The euro area crisis, often also referred to as the eurozone crisis, European debt crisis, or European sovereign debt crisis, was a multi-year debt crisis and financial crisis in the European Union (EU) from 2009 until, in Greece, 2018. The eurozone member states of Greece, Portugal, Ireland, and Cyprus were unable to repay or refinance their government debt or to bail out fragile banks under their national supervision and needed assistance from other eurozone countries, the European Central Bank (ECB), and the International Monetary Fund (IMF). The crisis included the Greek government-debt crisis, the 2008–2014 Spanish financial crisis, the 2010–2014 Portuguese financial crisis, the post-2008 Irish banking crisis and the post-2008 Irish economic downturn, as well as the 2012–2013 Cypriot financial crisis. The crisis contributed to changes in leadership in Greece, Ireland, France, Italy, Portugal, Spain, Slovenia, Slovakia, Belgium, and the Netherlands as well as in the United Kingdom. It also led to austerity, increases in unemployment rates to as high as 27% in Greece and Spain, and increases in poverty levels and income inequality in the affected countries.

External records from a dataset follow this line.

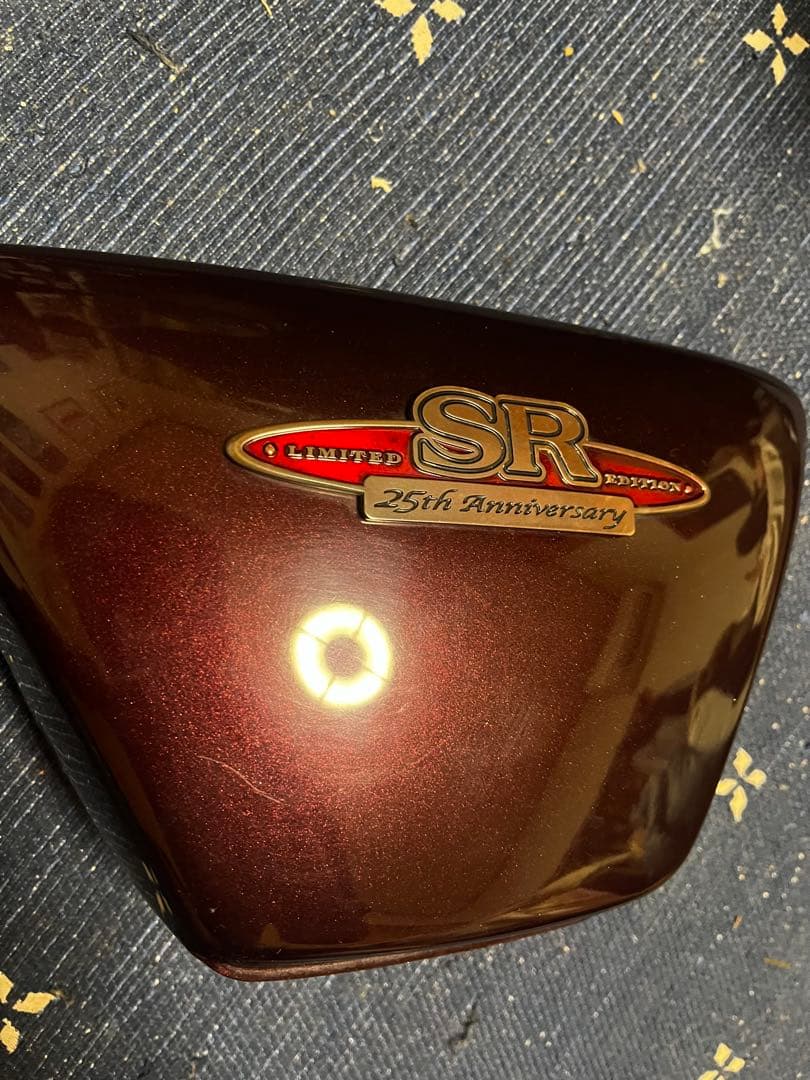 SR400 25th Anniversary タンク サイドカバー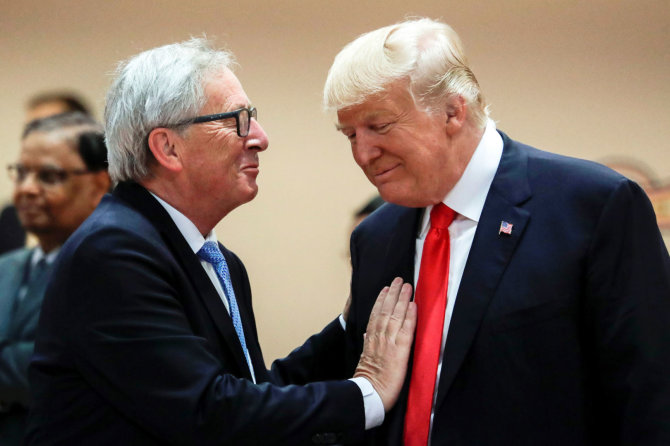 „Reuters“/„Scanpix“ nuotr./Jeanas Claude‘as Junckeris ir Donaldas Trumpas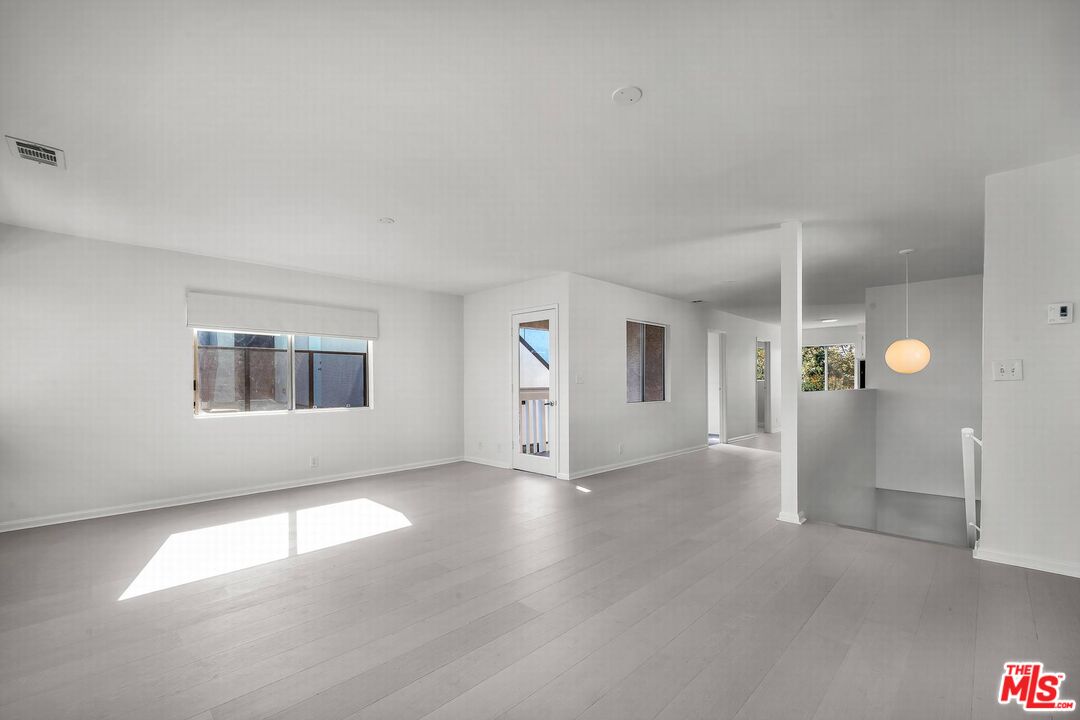 466 S Venice Blvd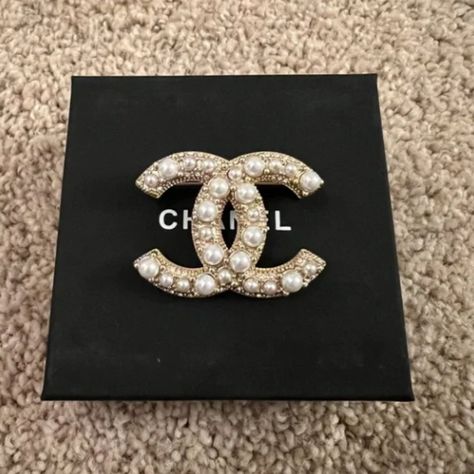 Chanel Pin, Broche Chanel, Chanel Pins, Rich Mom, Chanel Brooch, Stacked Jewelry, Pin Jewelry, Peony Flower, Best Christmas Gifts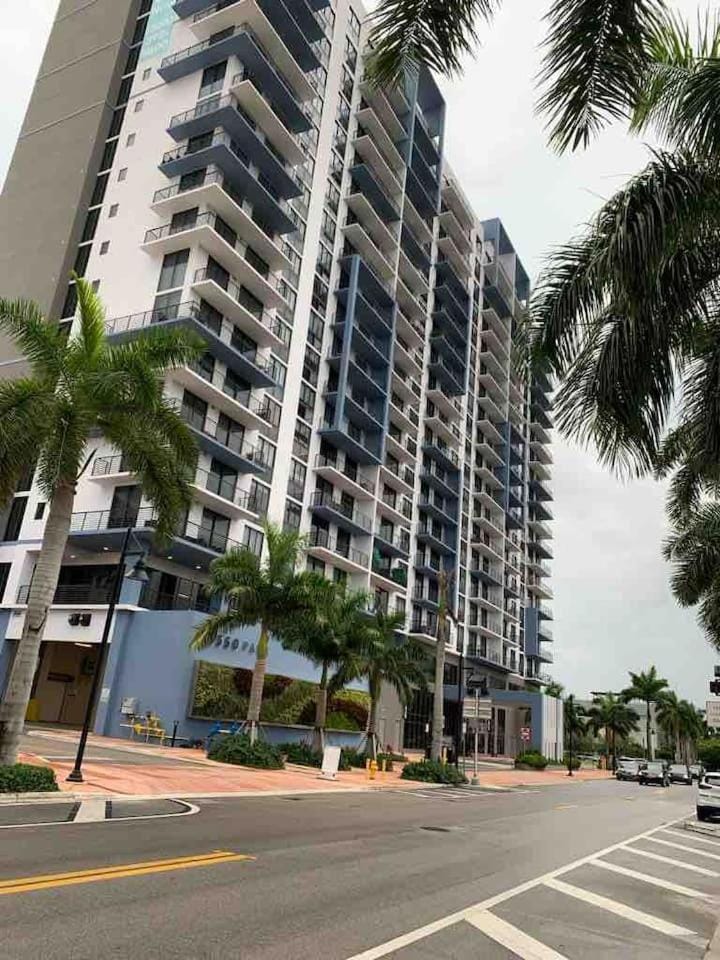 Doral Miami Resort Studio 1B1BA Pool! House in Doral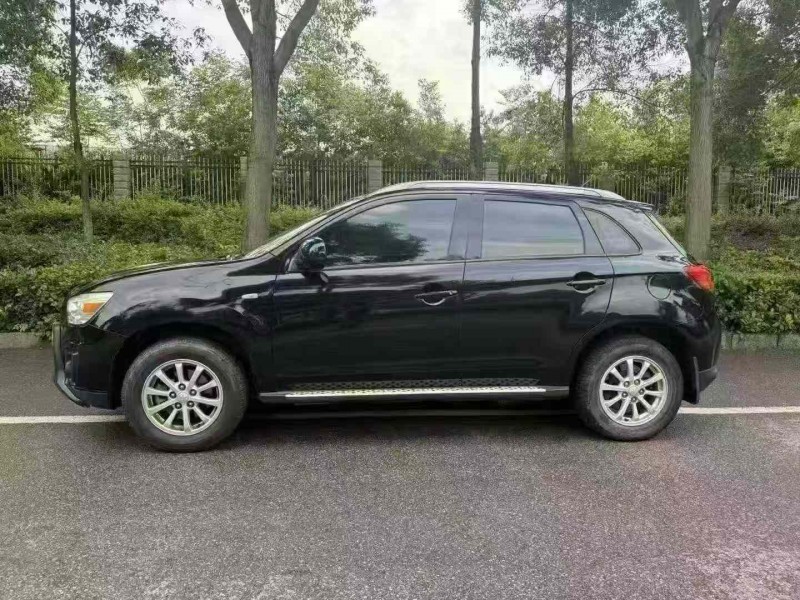 娄底15年三菱劲炫7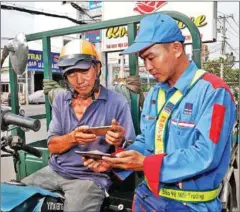  ?? MOMO/VIET NAM NEWS ?? A customer pays for petrol using the MoMo app in Ho Chi Minh City.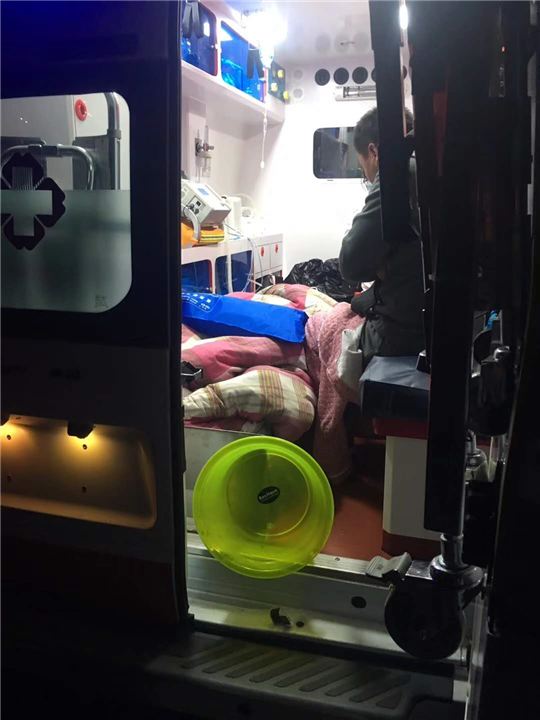 海口医院救护车，海口急救车出租，海口120急救车出租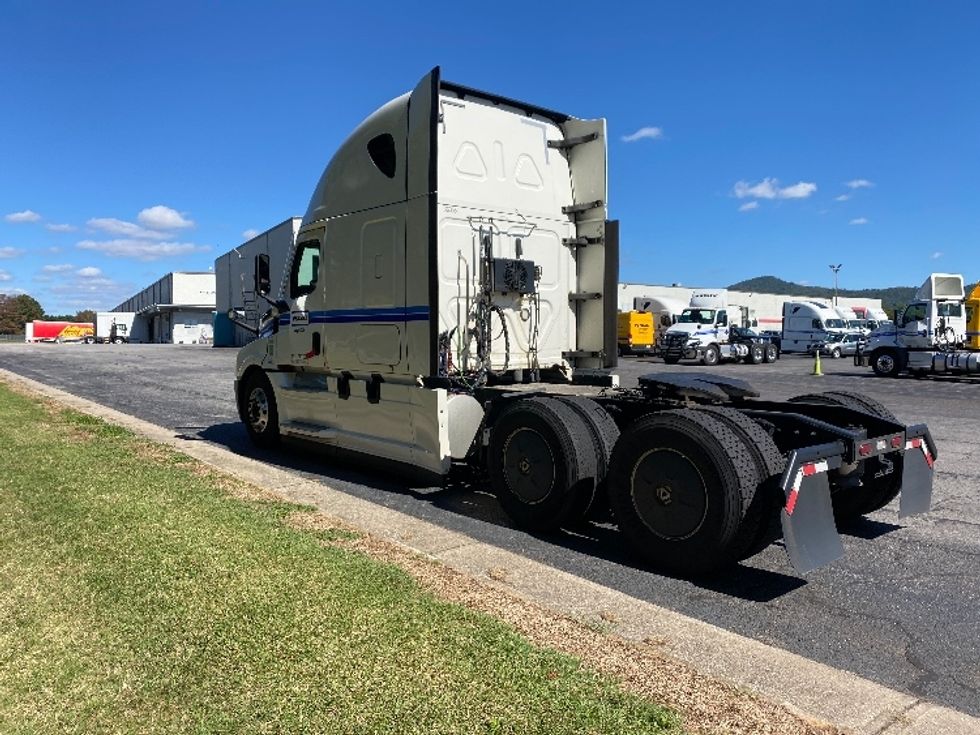 Sleeper Tractor-Heavy Duty Tractors-Freightliner-2020-T12664ST-Greensboro-NC-532,765\n\t\tmiles-$ 71,000 - Image 5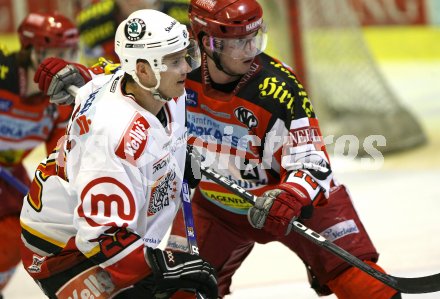 Eishockey Bundesliga. KAC gegen Jesenice. Philippe Horsky (KAC), Marcel Rodman (Jesenice). Klagenfurt, am 4.3.2007.
Foto: Kuess
---
pressefotos, pressefotografie, kuess, qs, qspictures, sport, bild, bilder, bilddatenbank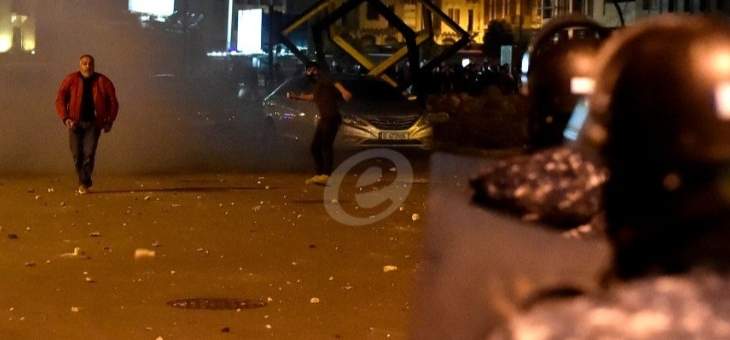 استمرار المواجهات بين القوى الأمنية والمتظاهرين قرب مقر الكتائب 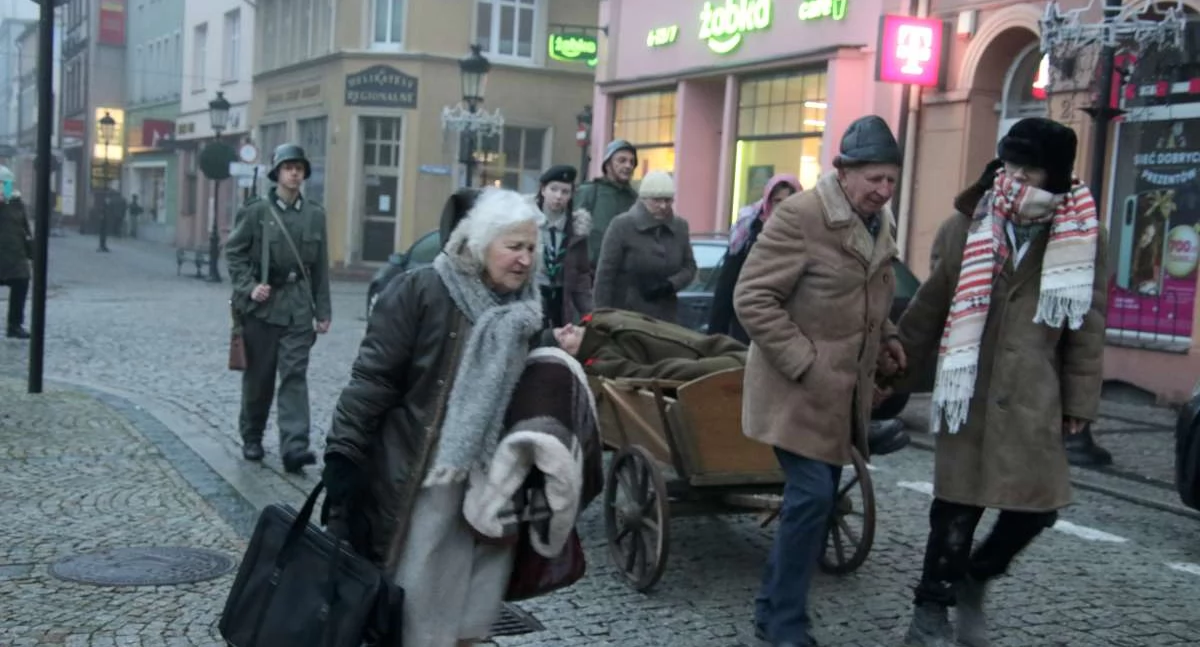 Historia, Wyrzuceni własnych domów Kościerzynie uczczono pamięć wysiedlonych mieszkańców! - zdjęcie, fotografia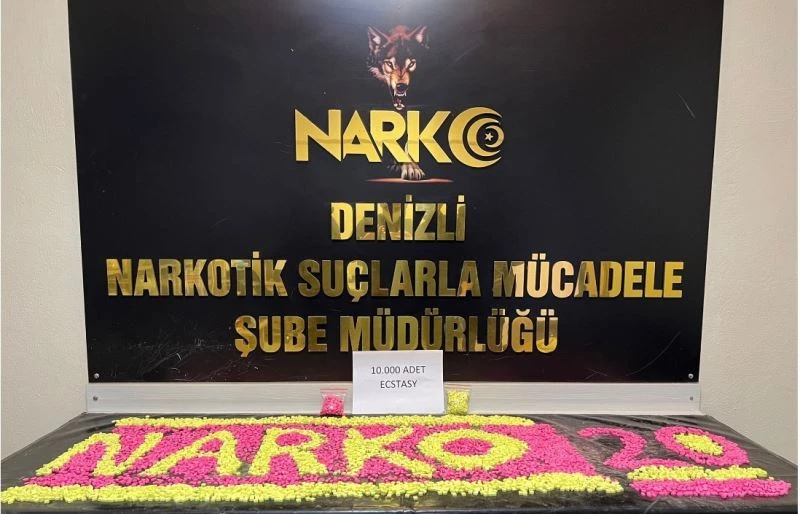 Asma tavandaki gizli bölmeden uyuşturucu ve para çıktı
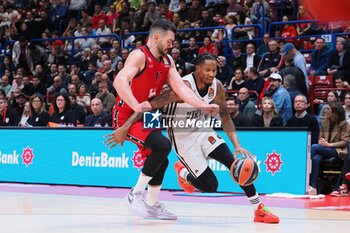 2024-10-31 - Will Clyburn (Virtus Segafredo Bologna) thwarted by Giampaolo Ricci (EA7 Emporio Armani Olimpia Milano) - EA7 EMPORIO ARMANI MILANO VS SEGAFREDO VIRTUS BOLOGNA - EUROLEAGUE - BASKETBALL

Causes of the euro area crisis included a weak economy of the European Union after the 2008 financial crisis and the Great Recession, the sudden stop of the flow of foreign capital into countries that had substantial current account deficits and were dependent on foreign lending. The crisis was worsened by the inability of states to resort to devaluation (reductions in the value of the national currency) due to having the euro as a shared currency. Debt accumulation in some eurozone members was in part due to differences in macroeconomics among eurozone member states prior to the adoption of the euro. It also involved a process of cross-border financial contagion. The European Central Bank (ECB) adopted an interest rate that incentivized investors in Northern eurozone members to lend to the South, whereas the South was incentivized to borrow because interest rates were very low. Over time, this led to the accumulation of deficits in the South, primarily by private economic actors. A lack of fiscal policy coordination among eurozone member states contributed to imbalanced capital flows in the eurozone, while a lack of financial regulatory centralization or harmonization among eurozone member states, coupled with a lack of credible commitments to provide bailouts to banks, incentivized risky financial transactions by banks. The detailed causes of the crisis varied from country to country. In several EU countries, private debts arising from real-estate bubbles were transferred to sovereign debt as a result of banking system bailouts and government responses to slowing economies post-bubble. European banks own a significant amount of sovereign debt, such that concerns regarding the solvency of banking systems or sovereigns are negatively reinforcing.